Listed entries –
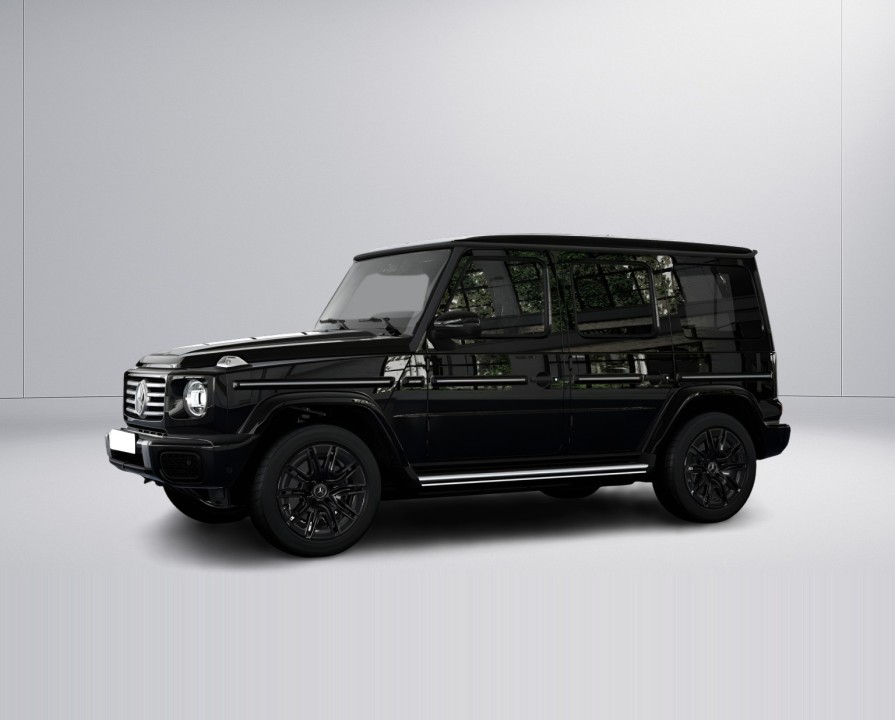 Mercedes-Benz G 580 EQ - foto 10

...

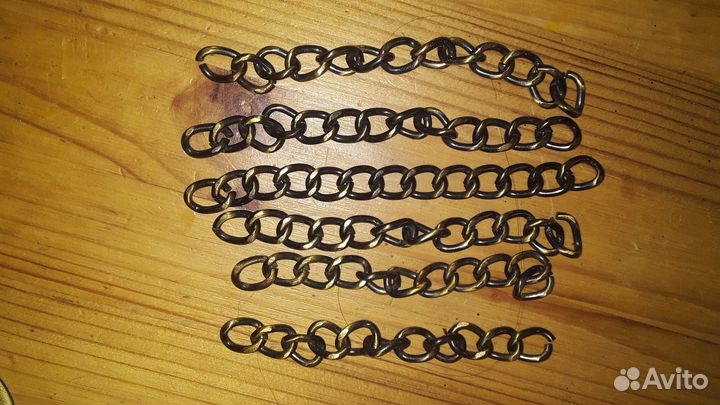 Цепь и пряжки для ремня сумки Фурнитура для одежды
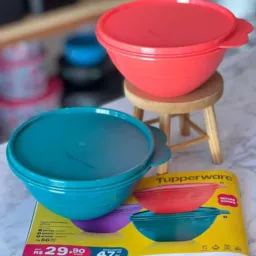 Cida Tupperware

Problem to work on –
Please output the lines above beginning at the line with "Цепь и пряжки" and ending after the line with "Cida Tupperware", precisely as written and with no pictures.

Written answer –
 Цепь и пряжки для ремня сумки Фурнитура для одежды
 Cida Tupperware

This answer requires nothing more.